■ Extracted information:
§

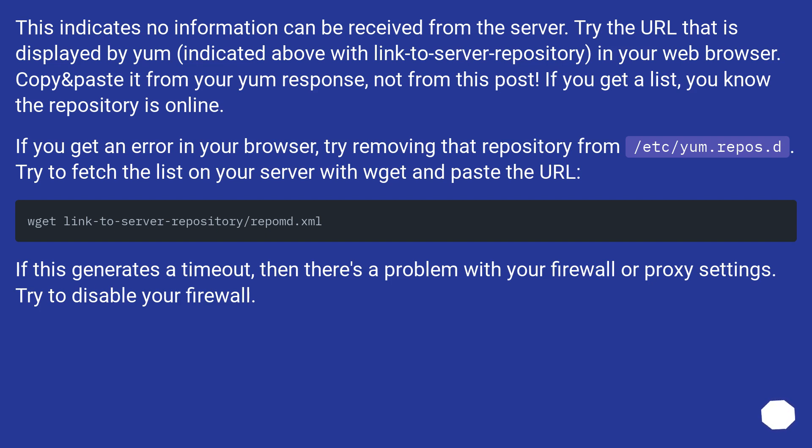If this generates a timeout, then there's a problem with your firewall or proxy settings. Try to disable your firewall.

§

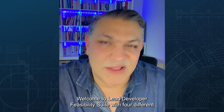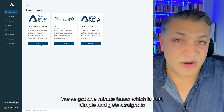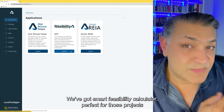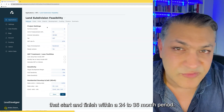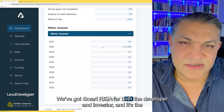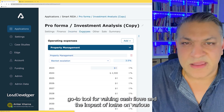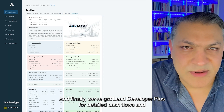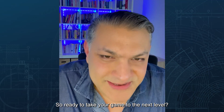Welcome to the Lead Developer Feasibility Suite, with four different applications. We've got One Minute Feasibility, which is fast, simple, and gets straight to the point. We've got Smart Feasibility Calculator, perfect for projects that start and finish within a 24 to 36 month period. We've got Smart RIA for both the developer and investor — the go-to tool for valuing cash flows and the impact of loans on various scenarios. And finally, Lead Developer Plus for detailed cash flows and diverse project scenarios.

§

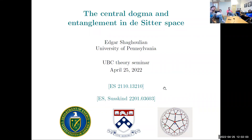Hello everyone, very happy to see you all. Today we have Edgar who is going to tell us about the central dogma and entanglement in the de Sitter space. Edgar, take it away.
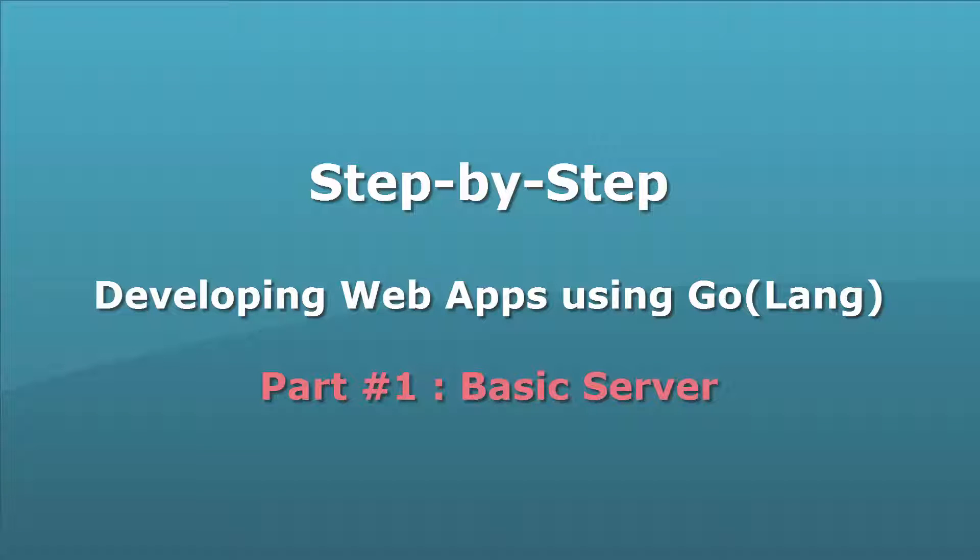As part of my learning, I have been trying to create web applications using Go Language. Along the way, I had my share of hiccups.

§

Using the data above, give again exactly the lines starting at the one holding "Hello everyone, very" and ending at the one holding "As part of my", inclusive, and nothing more. Omit the pictures.

■ Answer area:
Hello everyone, very happy to see you all. Today we have Edgar who is going to tell us about the central dogma and entanglement in the de Sitter space. Edgar, take it away.
As part of my learning, I have been trying to create web applications using Go Language. Along the way, I had my share of hiccups.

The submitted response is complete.